• _COLLECTED DATA_
= Beginning of Section =

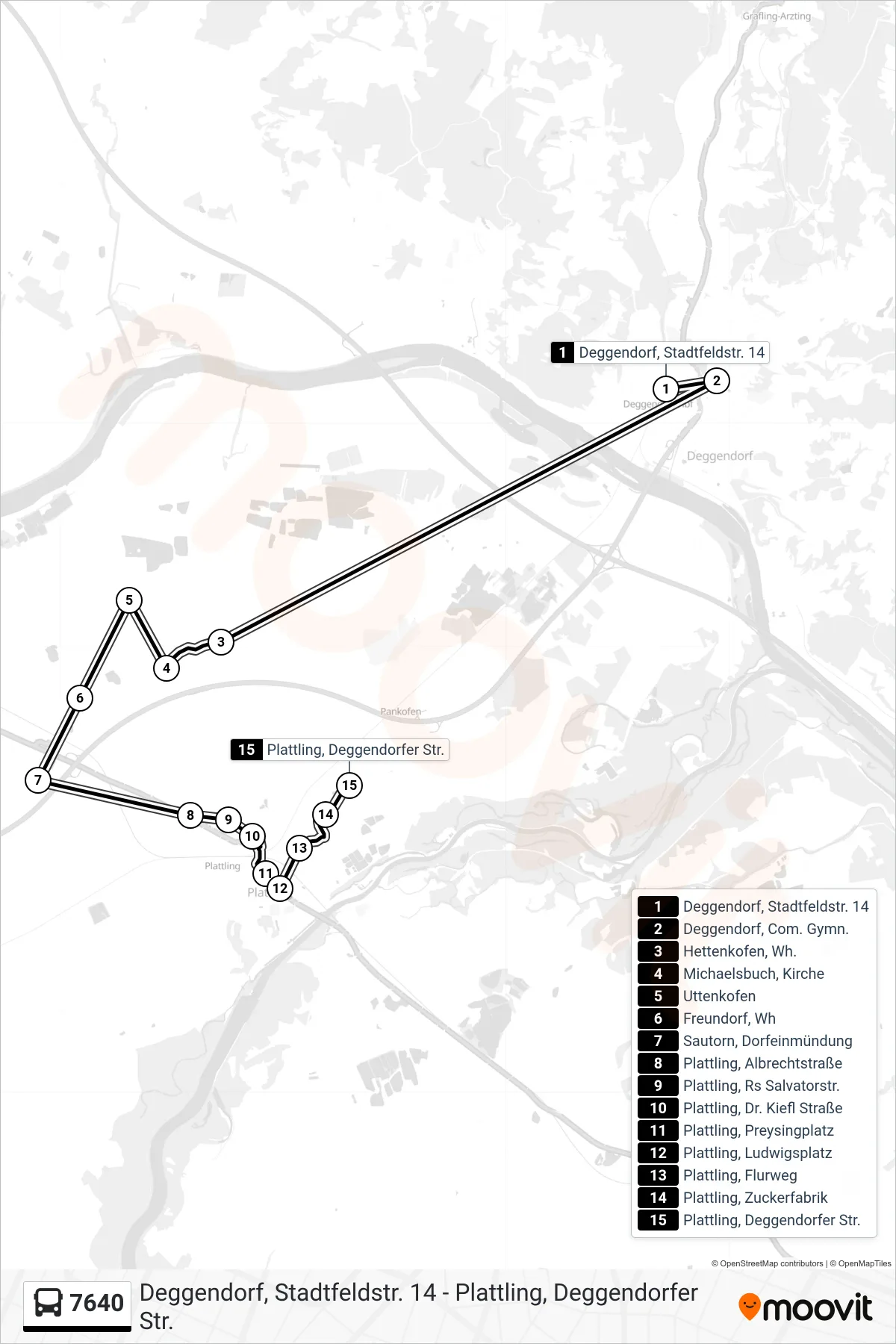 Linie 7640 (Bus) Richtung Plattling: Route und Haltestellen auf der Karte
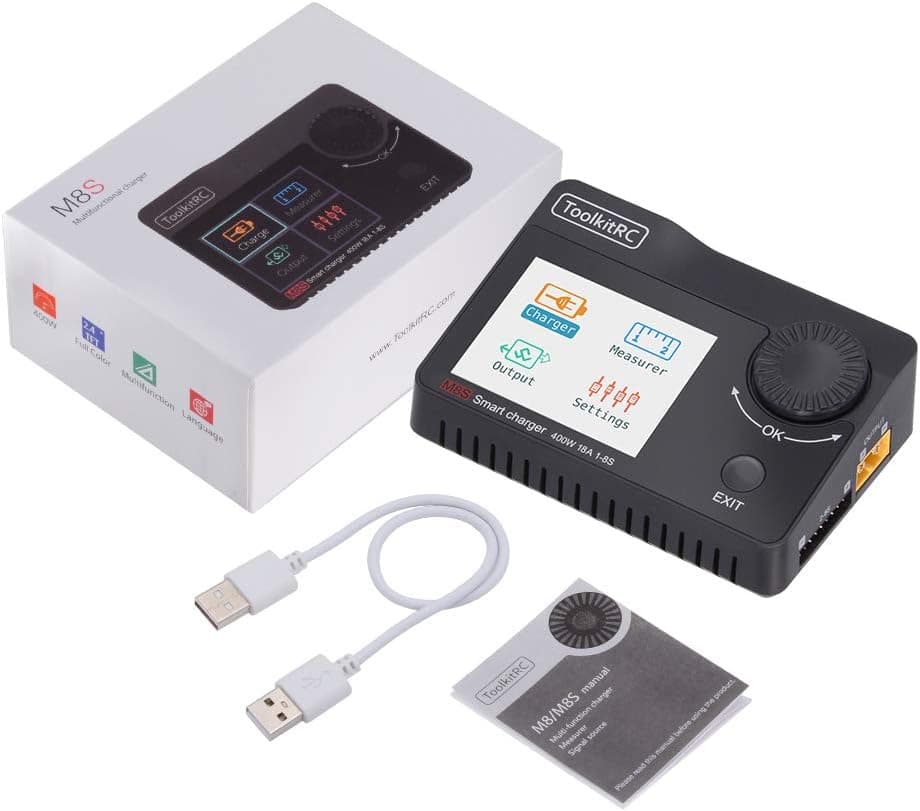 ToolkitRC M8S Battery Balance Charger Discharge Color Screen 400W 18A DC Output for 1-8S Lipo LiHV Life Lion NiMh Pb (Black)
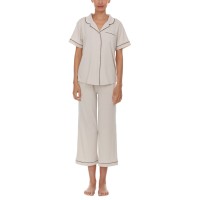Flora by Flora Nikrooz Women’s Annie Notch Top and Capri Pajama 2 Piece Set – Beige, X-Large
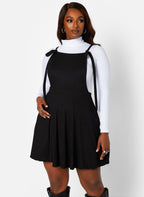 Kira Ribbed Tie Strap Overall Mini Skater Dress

= End of Section =

• _TASK STATEMENT_
Exactly as given, transcribe every line of the data, but not its images.

• _TASK ANSWER_
 Linie 7640 (Bus) Richtung Plattling: Route und Haltestellen auf der Karte
 ToolkitRC M8S Battery Balance Charger Discharge Color Screen 400W 18A DC Output for 1-8S Lipo LiHV Life Lion NiMh Pb (Black)
Flora by Flora Nikrooz Women’s Annie Notch Top and Capri Pajama 2 Piece Set – Beige, X-Large
 Kira Ribbed Tie Strap Overall Mini Skater Dress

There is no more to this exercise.